Data:
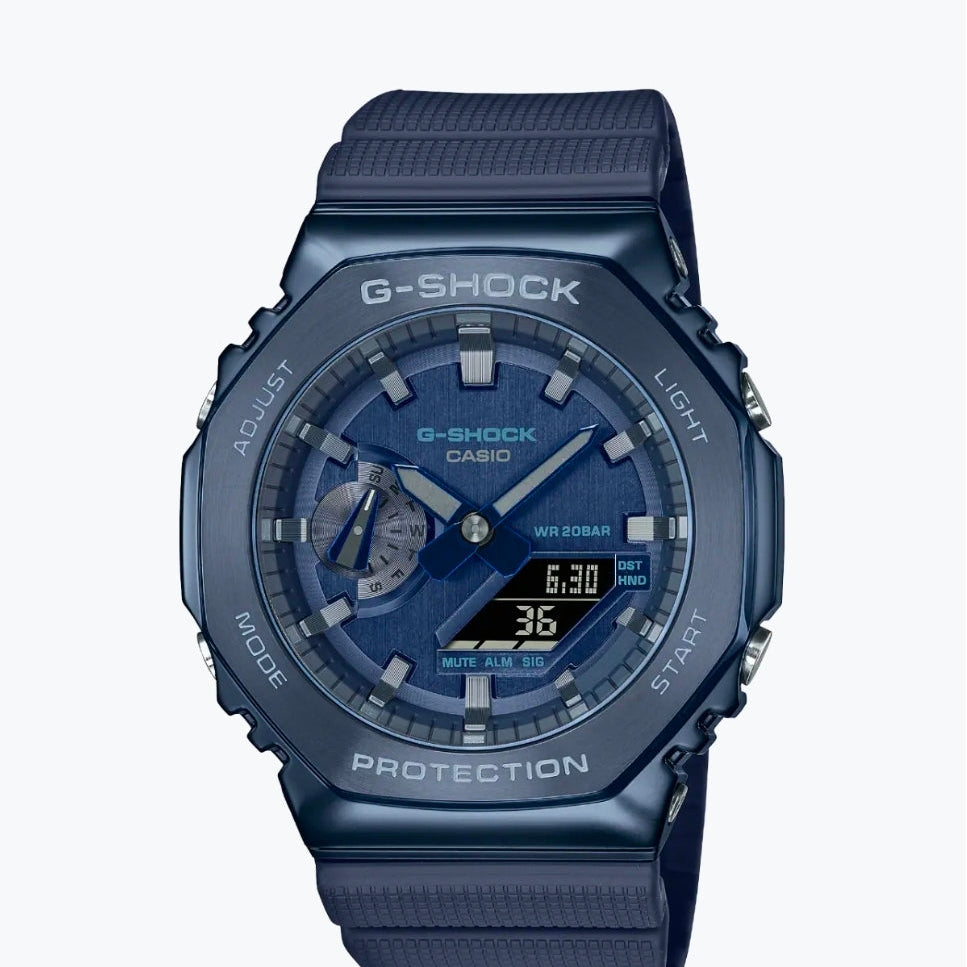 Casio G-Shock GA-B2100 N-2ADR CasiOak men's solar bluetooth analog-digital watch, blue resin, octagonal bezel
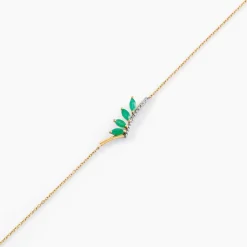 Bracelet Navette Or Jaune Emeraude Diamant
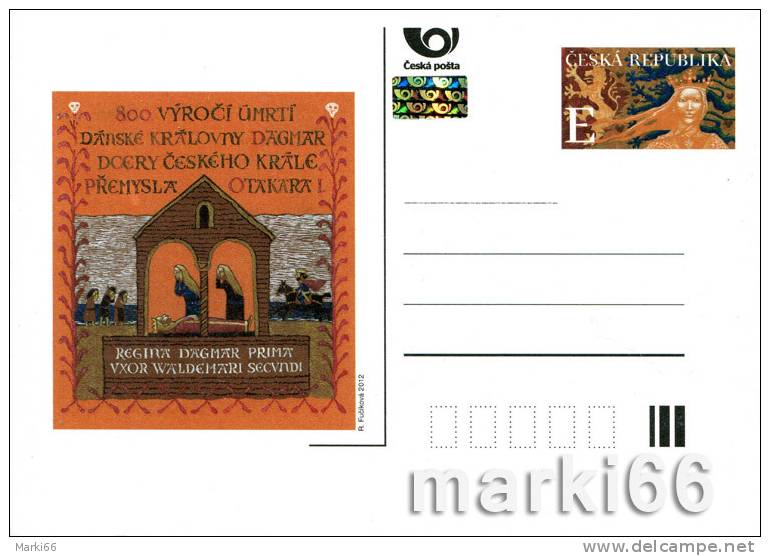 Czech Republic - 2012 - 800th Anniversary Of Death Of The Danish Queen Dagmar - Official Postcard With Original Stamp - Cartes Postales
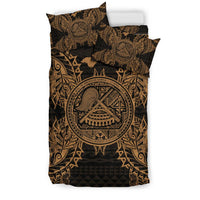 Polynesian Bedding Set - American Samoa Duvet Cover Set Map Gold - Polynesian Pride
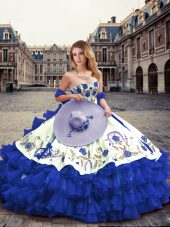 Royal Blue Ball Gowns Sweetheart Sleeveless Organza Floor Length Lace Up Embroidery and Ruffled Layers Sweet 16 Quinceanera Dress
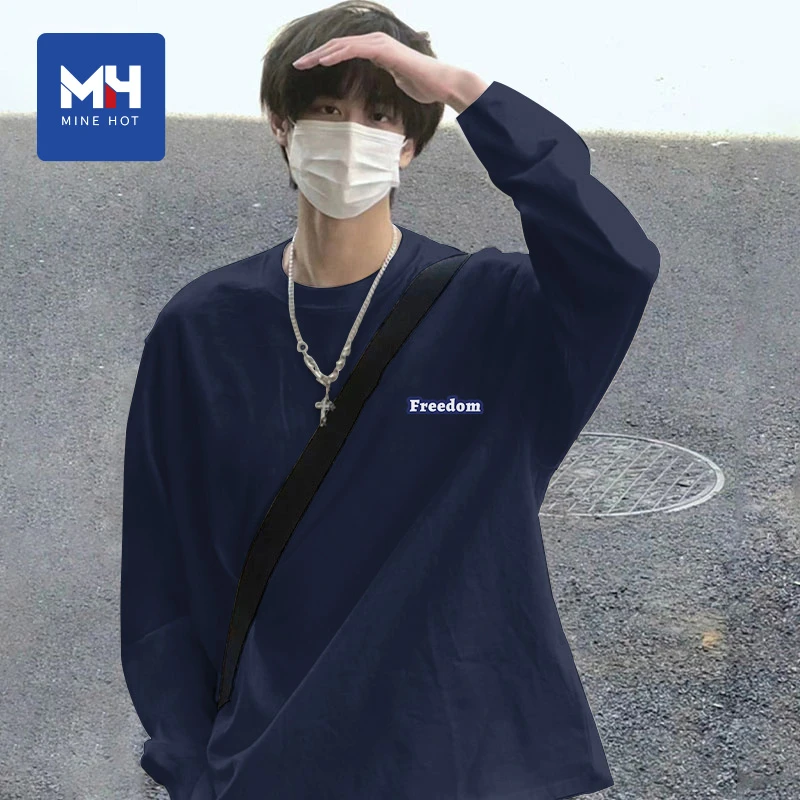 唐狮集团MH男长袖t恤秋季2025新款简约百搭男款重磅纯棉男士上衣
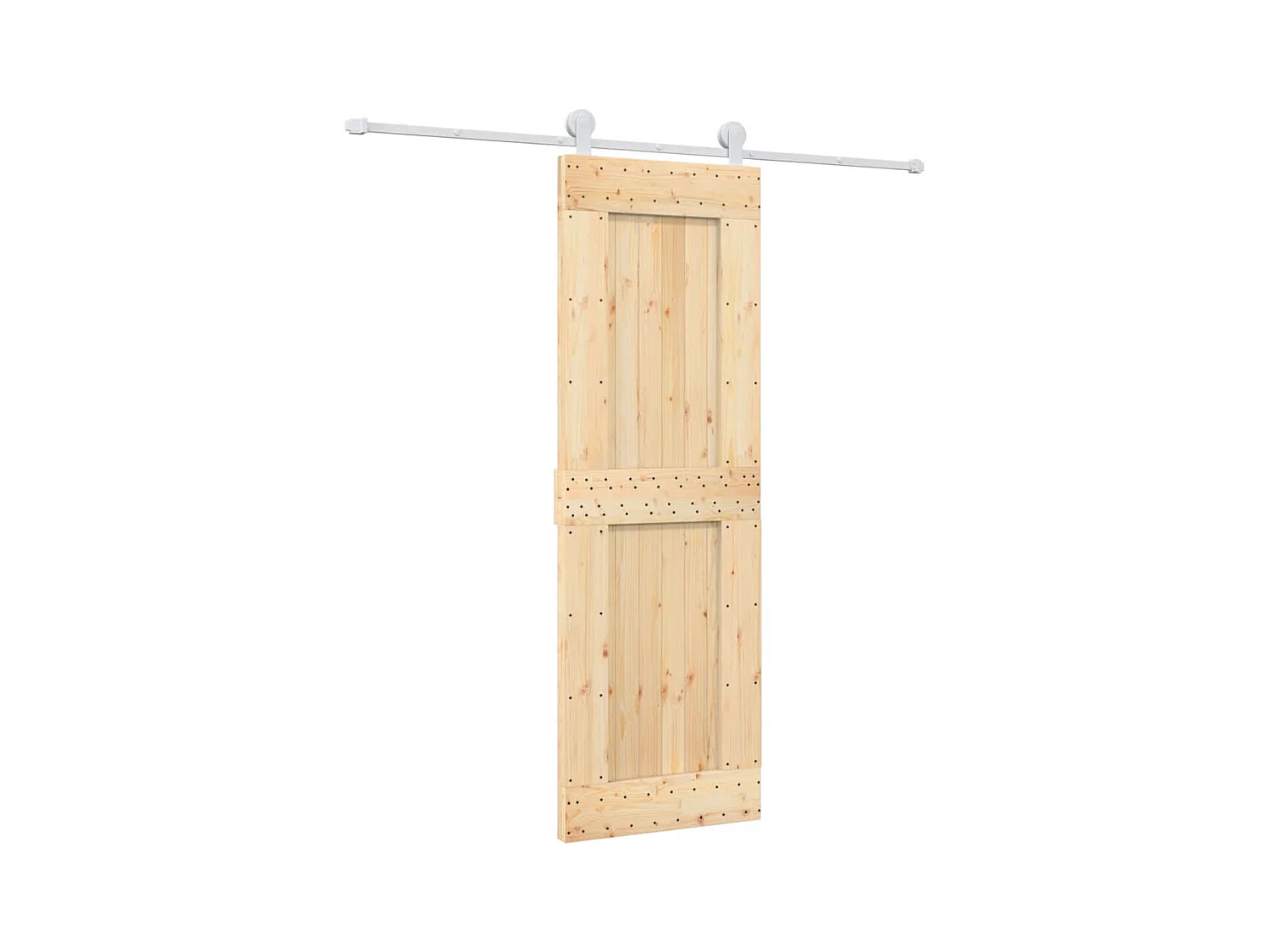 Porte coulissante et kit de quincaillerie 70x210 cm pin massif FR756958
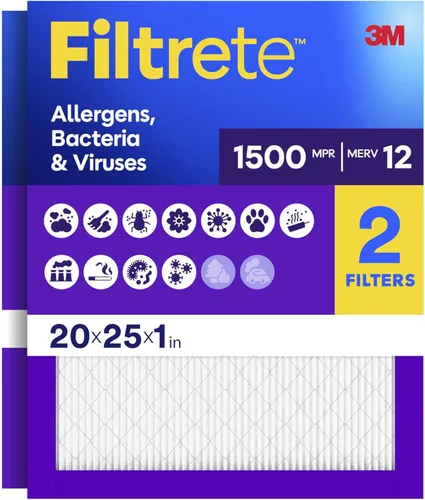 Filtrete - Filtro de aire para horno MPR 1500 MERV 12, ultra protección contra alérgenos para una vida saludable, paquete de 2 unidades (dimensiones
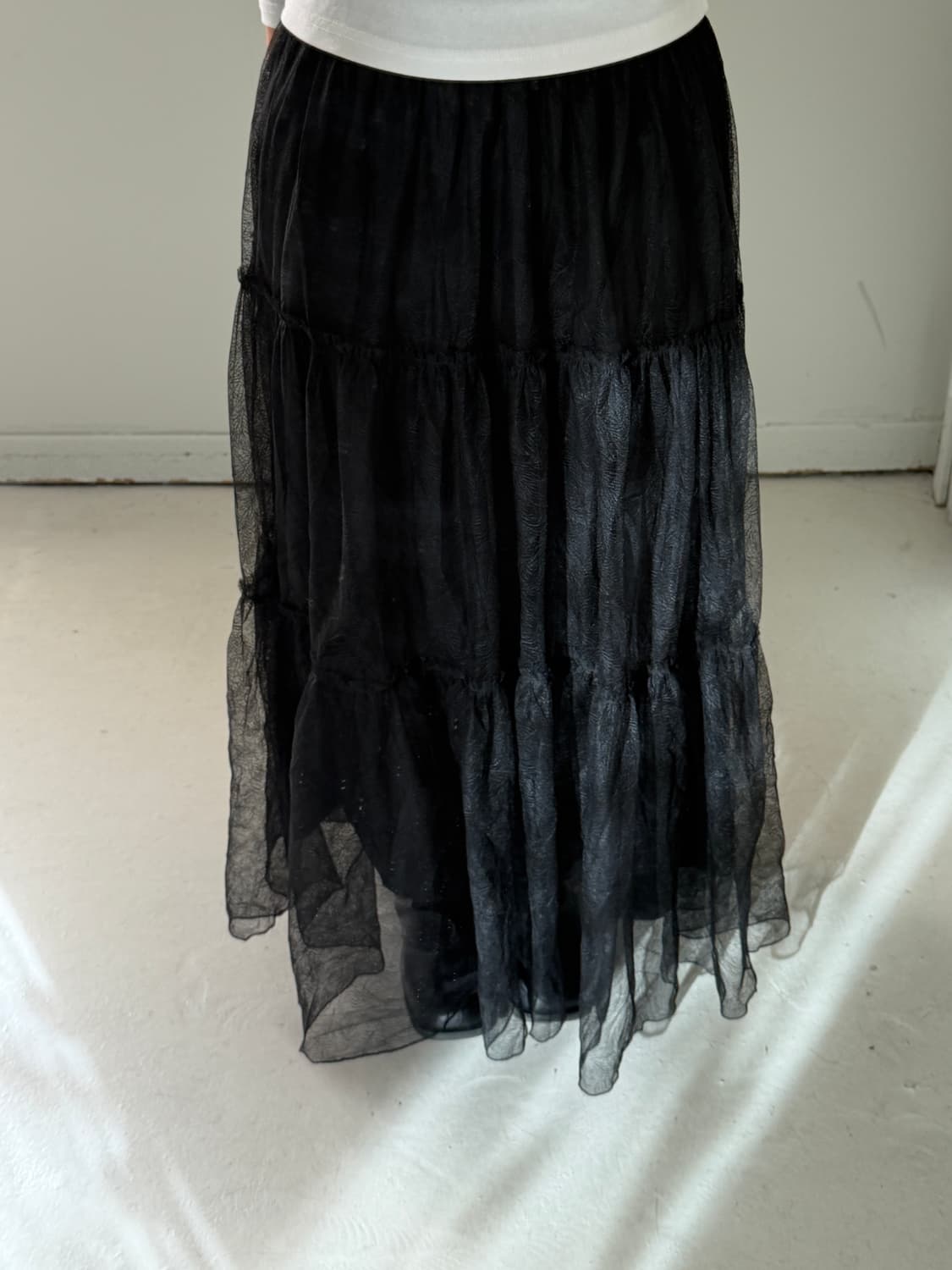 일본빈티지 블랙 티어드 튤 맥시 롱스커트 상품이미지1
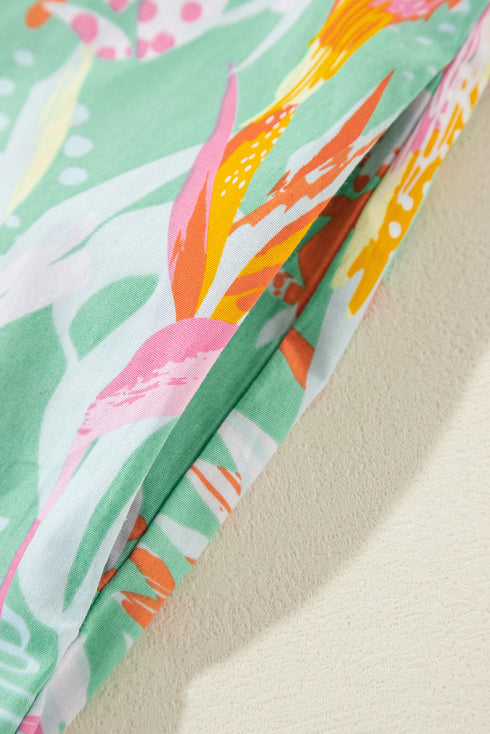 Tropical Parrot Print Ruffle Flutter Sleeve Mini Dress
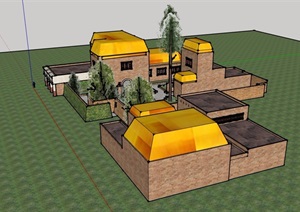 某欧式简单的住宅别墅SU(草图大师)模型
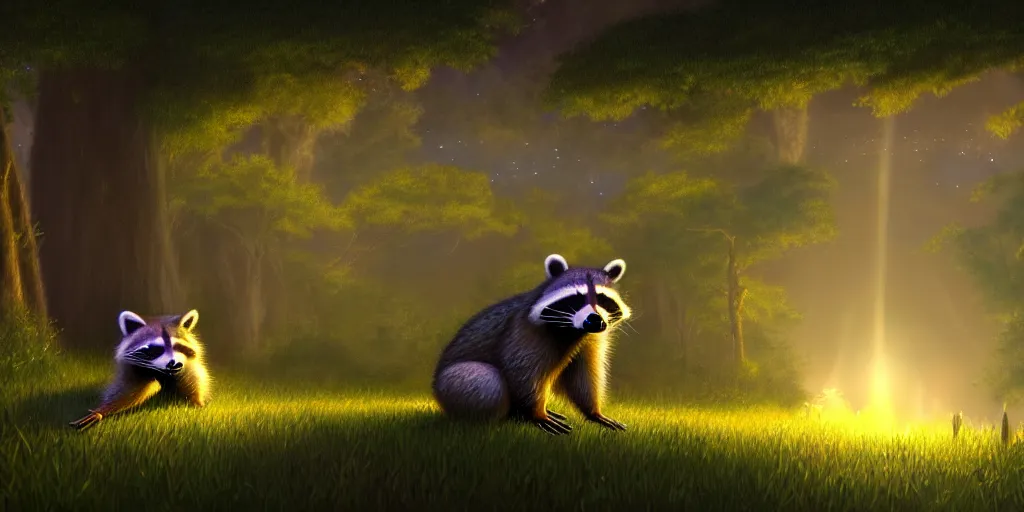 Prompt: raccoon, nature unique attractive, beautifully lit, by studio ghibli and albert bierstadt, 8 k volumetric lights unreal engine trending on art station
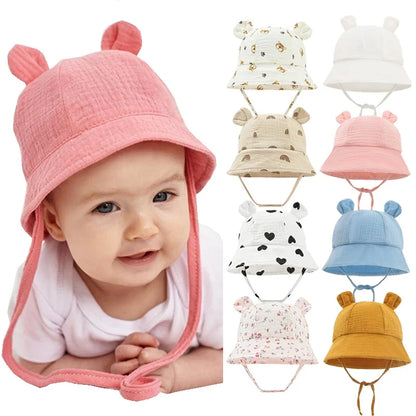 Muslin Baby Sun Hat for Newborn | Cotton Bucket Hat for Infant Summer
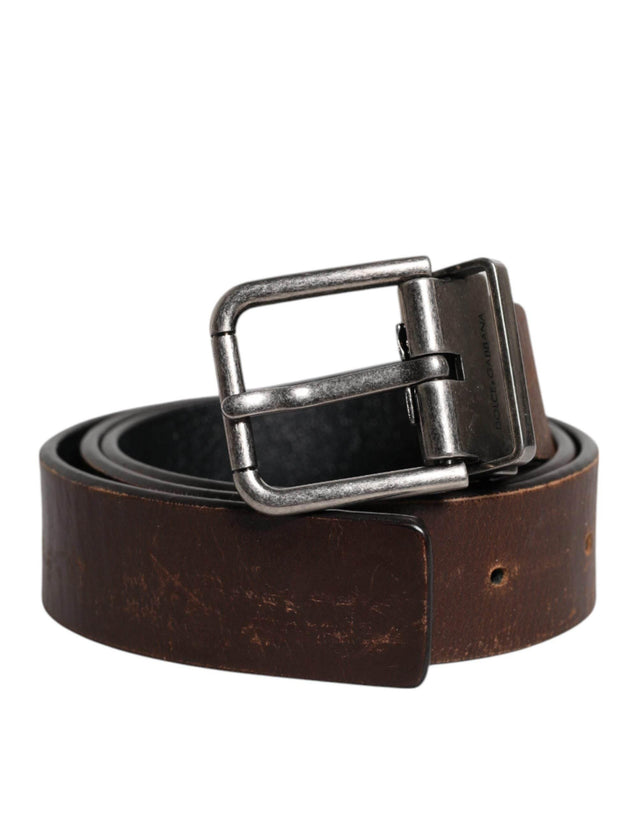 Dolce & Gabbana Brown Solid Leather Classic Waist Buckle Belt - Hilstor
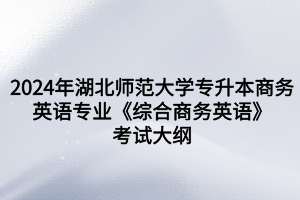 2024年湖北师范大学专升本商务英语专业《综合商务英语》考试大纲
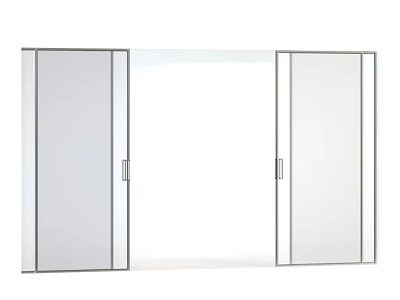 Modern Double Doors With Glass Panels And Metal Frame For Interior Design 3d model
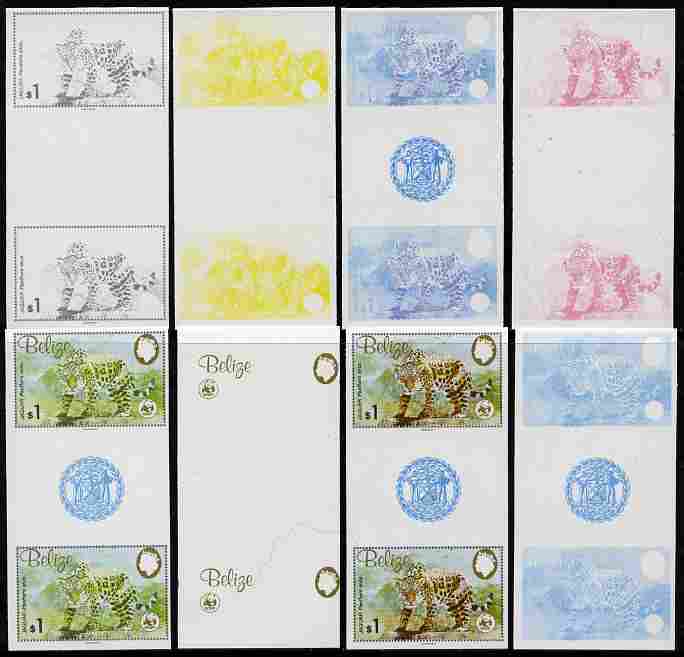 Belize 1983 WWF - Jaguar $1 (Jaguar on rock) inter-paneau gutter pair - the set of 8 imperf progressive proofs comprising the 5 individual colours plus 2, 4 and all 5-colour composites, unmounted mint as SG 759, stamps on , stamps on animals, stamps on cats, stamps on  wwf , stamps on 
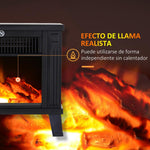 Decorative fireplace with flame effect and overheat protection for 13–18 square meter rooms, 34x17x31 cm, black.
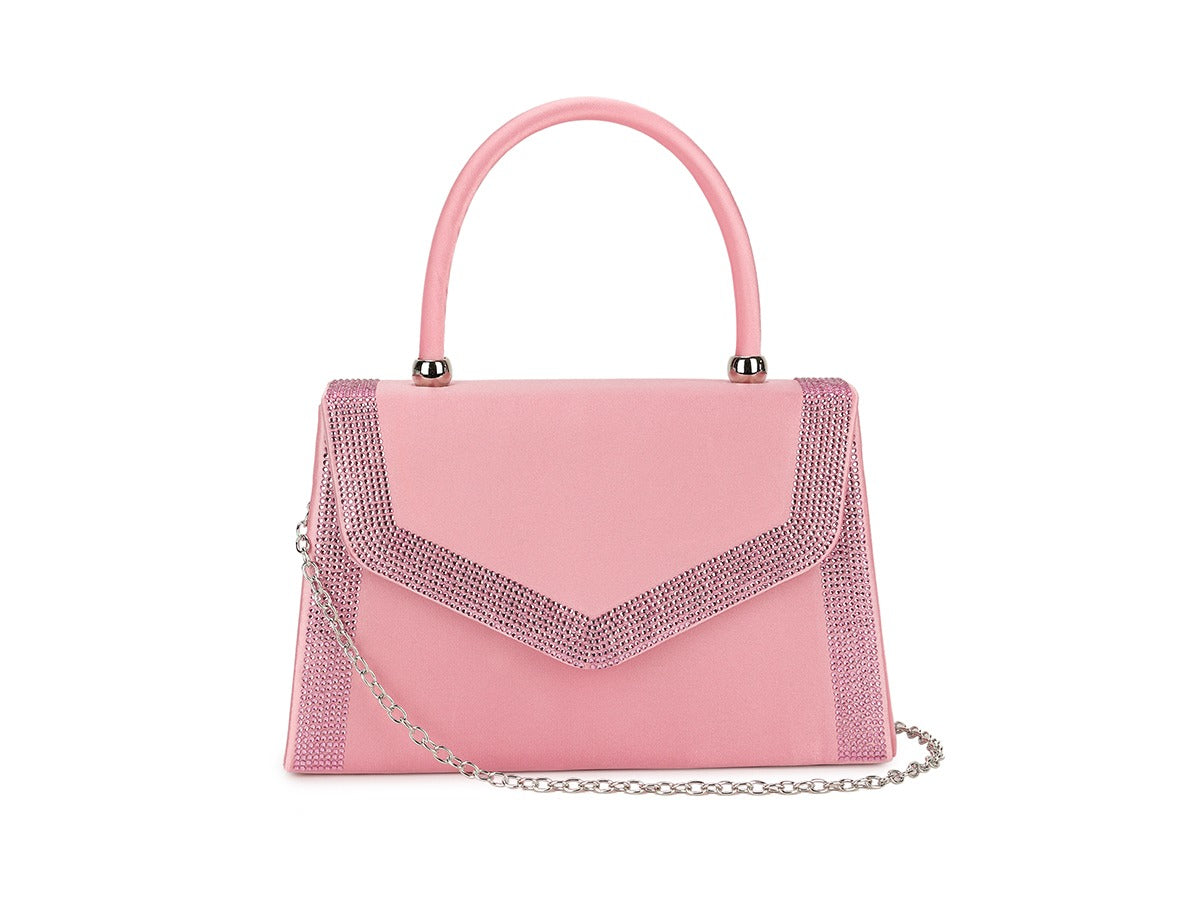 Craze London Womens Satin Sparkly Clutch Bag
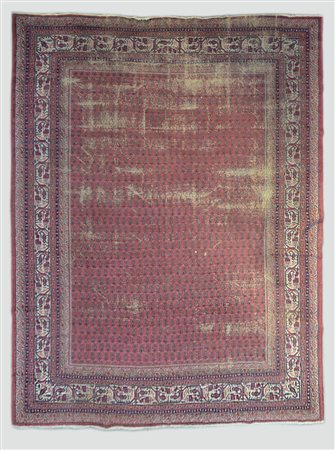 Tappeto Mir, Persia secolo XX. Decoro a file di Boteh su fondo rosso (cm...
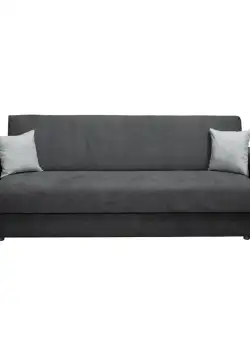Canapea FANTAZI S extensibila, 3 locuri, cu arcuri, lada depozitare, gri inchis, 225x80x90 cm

Problem description: Repeat, without pictures, exactly the lines of the data above from the one containing "Polynesian Bedding Set" through the one containing "某欧式简单的住宅别墅SU(草图大师)模型", including both and adding nothing.

Expected answer:
 Polynesian Bedding Set - American Samoa Duvet Cover Set Map Gold - Polynesian Pride
 Royal Blue Ball Gowns Sweetheart Sleeveless Organza Floor Length Lace Up Embroidery and Ruffled Layers Sweet 16 Quinceanera Dress
 唐狮集团MH男长袖t恤秋季2025新款简约百搭男款重磅纯棉男士上衣
 Porte coulissante et kit de quincaillerie 70x210 cm pin massif FR756958
 Filtrete - Filtro de aire para horno MPR 1500 MERV 12, ultra protección contra alérgenos para una vida saludable, paquete de 2 unidades (dimensiones
 일본빈티지 블랙 티어드 튤 맥시 롱스커트 상품이미지1
 Tropical Parrot Print Ruffle Flutter Sleeve Mini Dress
 某欧式简单的住宅别墅SU(草图大师)模型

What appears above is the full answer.